En août 2007, quand Rio Tinto entre dans le portrait, le communiqué du gouvernement précise la notion d'activités de siège social, afin d'éviter que Montréal se retrouve avec une simple coquille. «Les fonctions qui y sont prévues comportent notamment la planification stratégique, les finances et la comptabilité, les affaires juridiques, la mise en marché et les ventes, la prospection de clientèle, les relations publiques et les ressources humaines.»

Bref, l'entente est plutôt contraignante pour Rio Tinto - et rassurante pour Montréal -, mais elle ne fixe pas de plancher d'emplois, absolu ou relatif.

La porte-parole de Rio Tinto Alcan, Claudine Gagnon, me dit que les activités de siège social seront maintenues, malgré les compressions. Elle rappelle le contexte d'affaires difficile qu'ont connu les métaux ces dernières années, notamment le secteur de l'aluminium, dont les prix ont longtemps été déprimés.

De fait, le chiffre d'affaires de Rio Tinto Alcan a fondu. En 2007, il était de 27,1 milliards US. Il n'est plus que de 12,1 milliards US aujourd'hui (ce qui exclut la division emballage, il est vrai). Quant aux employés, leur nombre est passé de quelque 8000 en 2007 à 6200 aujourd'hui, selon le répertoire Les Affaires-500.

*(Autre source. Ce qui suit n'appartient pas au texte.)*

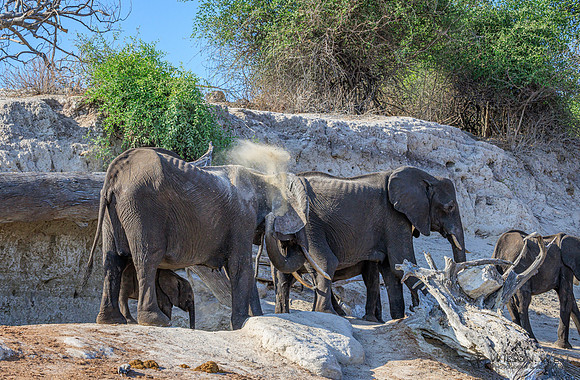 Elephant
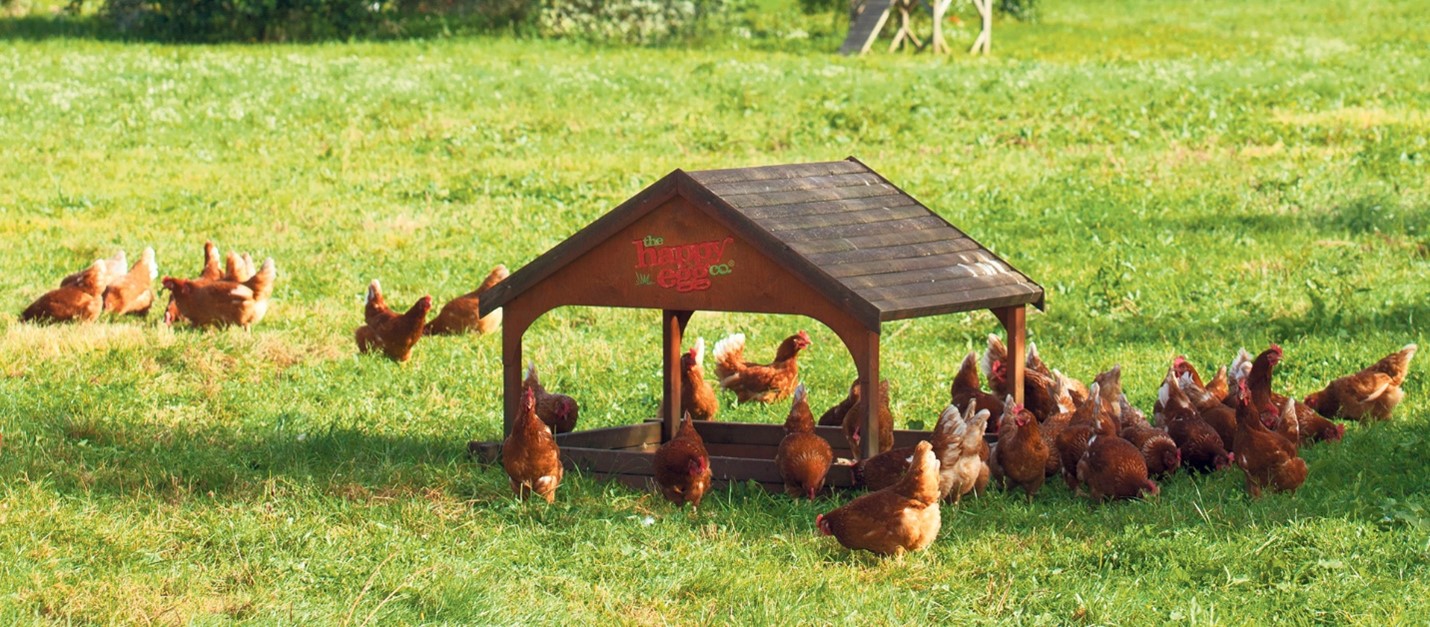 "Free range chickens"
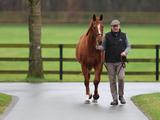 Liberty Breedings SALVE LE MEER first mare to be in foal to Fantastic Moon
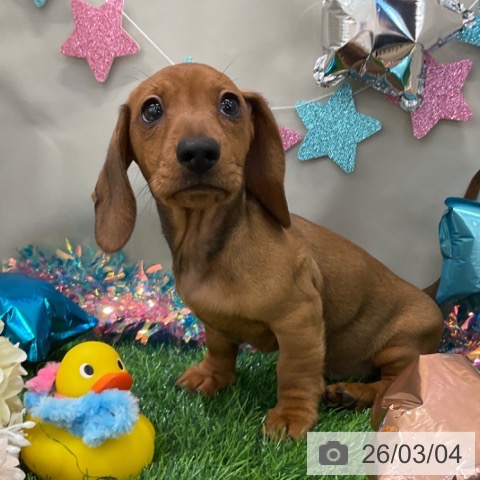 ミニチュア・ダックスフンドの写真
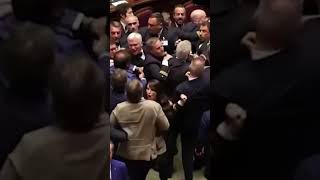 Brawl Breaks Out In Italian Parliament [upl. by Loriner914]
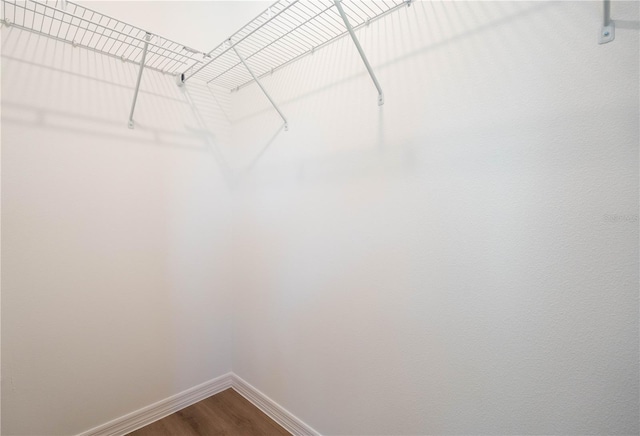 spacious closet featuring hardwood / wood-style floors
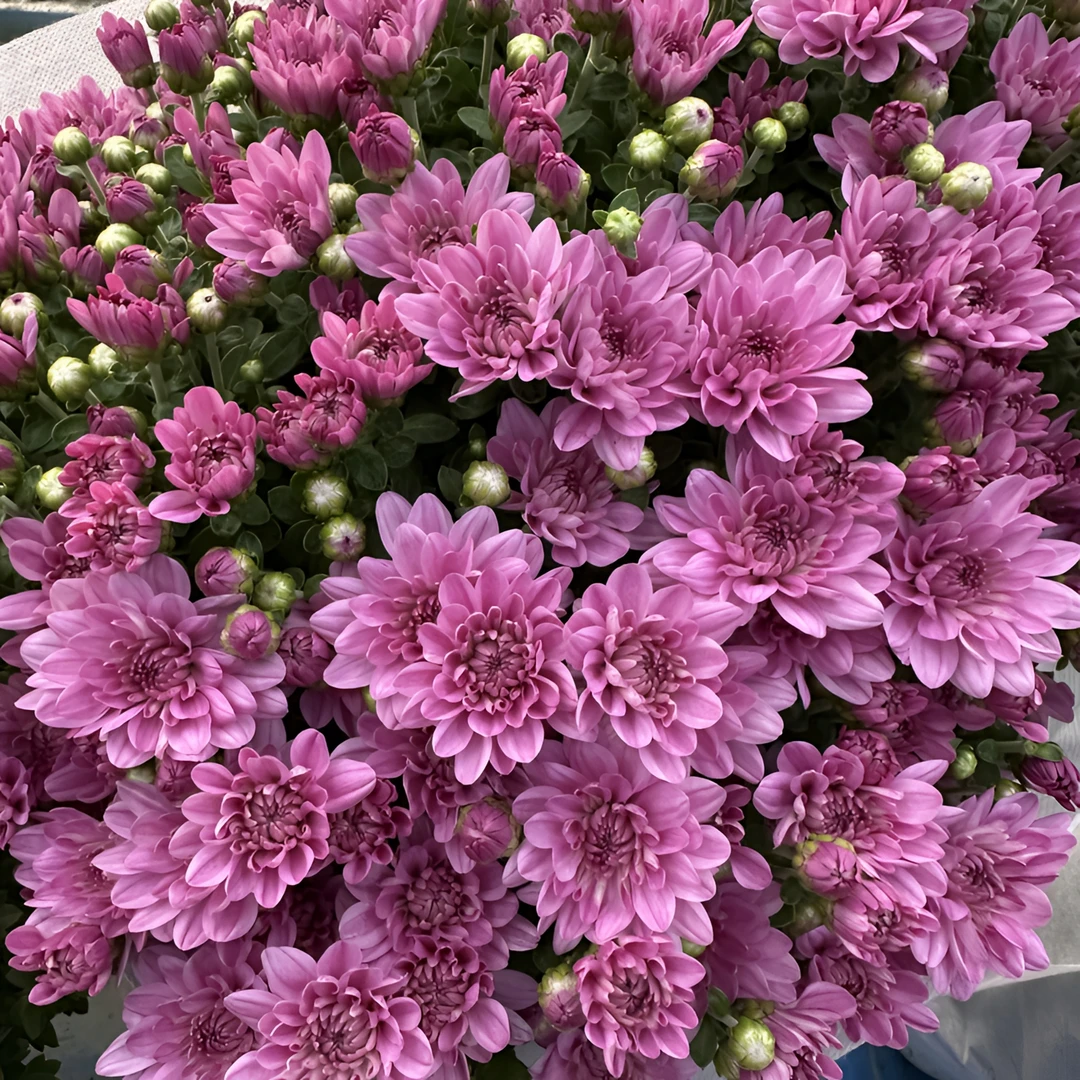 【小熊粉】千头菊球菊耐热耐寒多年生植物易养护花期长庭院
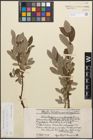 Foto von Salix caprea L. x Salix lapponum L.
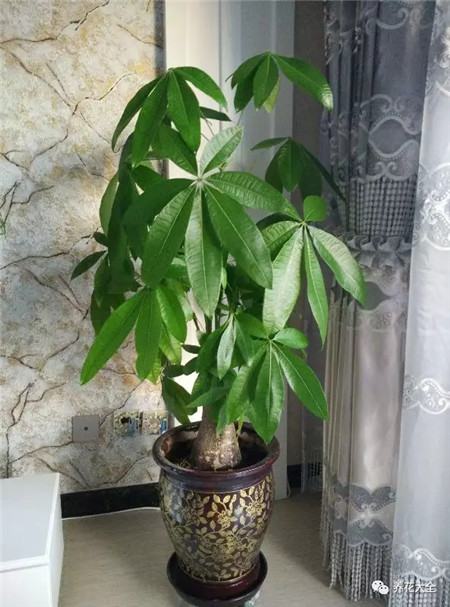 为什么花会掉叶子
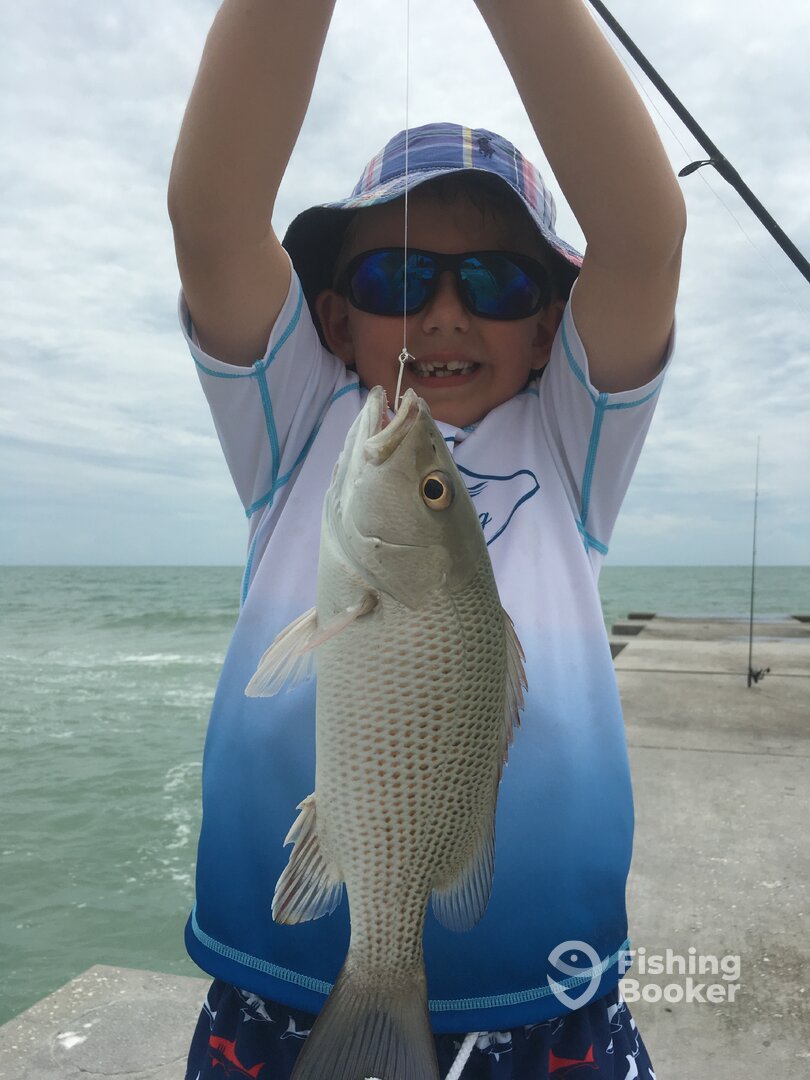 Longboat Key Report Photo 0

Devant un tel dégonflement, il est difficile de croire que Rio Tinto n'a pas élagué le «siège social» montréalais. À première vue, la cure a été mineure. Le communiqué d'août 2007 chiffre à 860 le nombre d'employés au siège social d'Alcan. Aujourd'hui, l'entreprise parle de 800 postes.

Toutefois, il faut savoir que Rio Tinto y a aussi regroupé des activités de gestion de deux autres importantes divisions au Québec, soit Fer et Titane (anciennement QIT) et IOC. C'est d'ailleurs ce qui explique que le nouvel immeuble perdra la dénomination Alcan.

D'ici la fin de l'année, en somme, le siège social comptera environ 660 employés pour ces trois divisions, contre 860 pour la seule Alcan en 2007. Pour le maintien d'emplois, on repassera...

La convention de maintien du siège social a permis de centraliser au Québec la gestion des activités mondiales d'aluminium de Rio Tinto et d'y maintenir un centre décisionnel, ce qui est déjà beaucoup. Une telle entente aura toujours ses limites, néanmoins. Ultimement, c'est Londres qui décide.